Adam Tambellini (born November 1, 1994) is a Canadian professional ice hockey forward who is currently playing for Rögle BK of the Swedish Hockey League (SHL). Tambellini was selected by the New York Rangers in the third round (65th overall) of the 2013 NHL Entry Draft.

Playing career
Tambellini played top midget hockey in Alberta before playing three games with the Sherwood Park Crusaders in the Alberta Junior Hockey League during the 2010–11 season as a 16-year-old. He then continued his junior career, playing two seasons in the British Columbia Hockey League (BCHL) with the Vernon Vipers and the Surrey Eagles before committing to college hockey with the University of North Dakota in the National Collegiate Hockey Conference.

After his selection by the Rangers at the 2013 NHL Entry Draft, Tambellini played just 16 games in his freshman year with the Fighting Hawks in 2013–14 season. He then opted to leave college to return to Canada to play major junior hockey in the Western Hockey League (WHL) after his rights were acquired by the Calgary Hitmen from the Portland Winterhawks on January 8, 2014. He regained his scoring touch in the WHL playing out the remainder of the season in producing 39 points in just 31 games.

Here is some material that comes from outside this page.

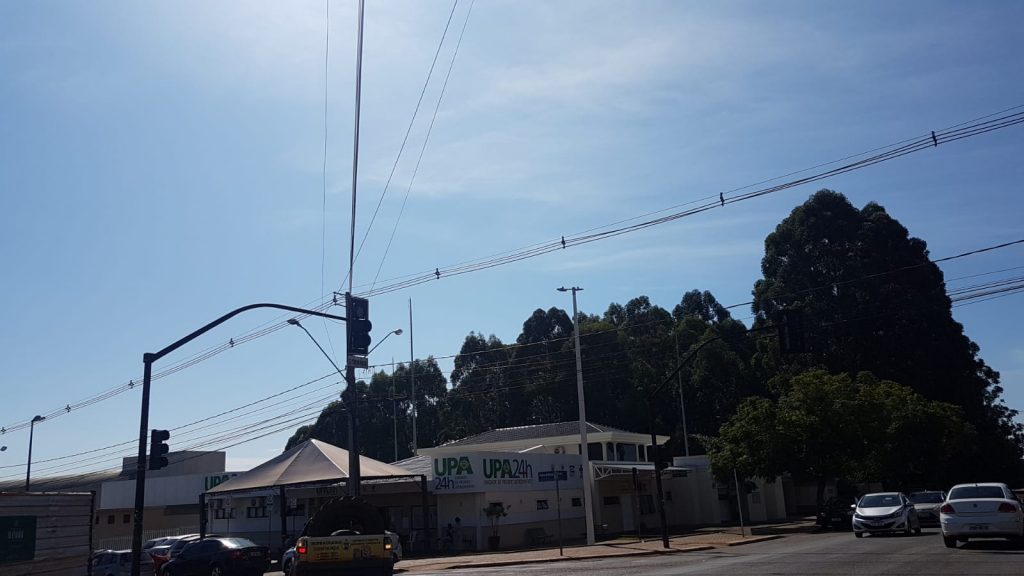 Pessoa fica ferida em empresa na Rua Erechim e é levada para a Upa Brasília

In his first full season with the Hitmen in 2014–15, Tambellini scored 86 points in 71 games to earn a selection to the East Second All-Star Team. On March 10, 2015, it was announced that Tambellini had signed a three-year, entry-level contract with the New York Rangers.

In his first professional season with the Rangers organization, Tambellini was assigned to its AHL affiliate, the Hartford Wolf Pack for the 2015–16 season. In his rookie campaign, Tambellini finished with a promising 17 goals and 32 points in 74 games.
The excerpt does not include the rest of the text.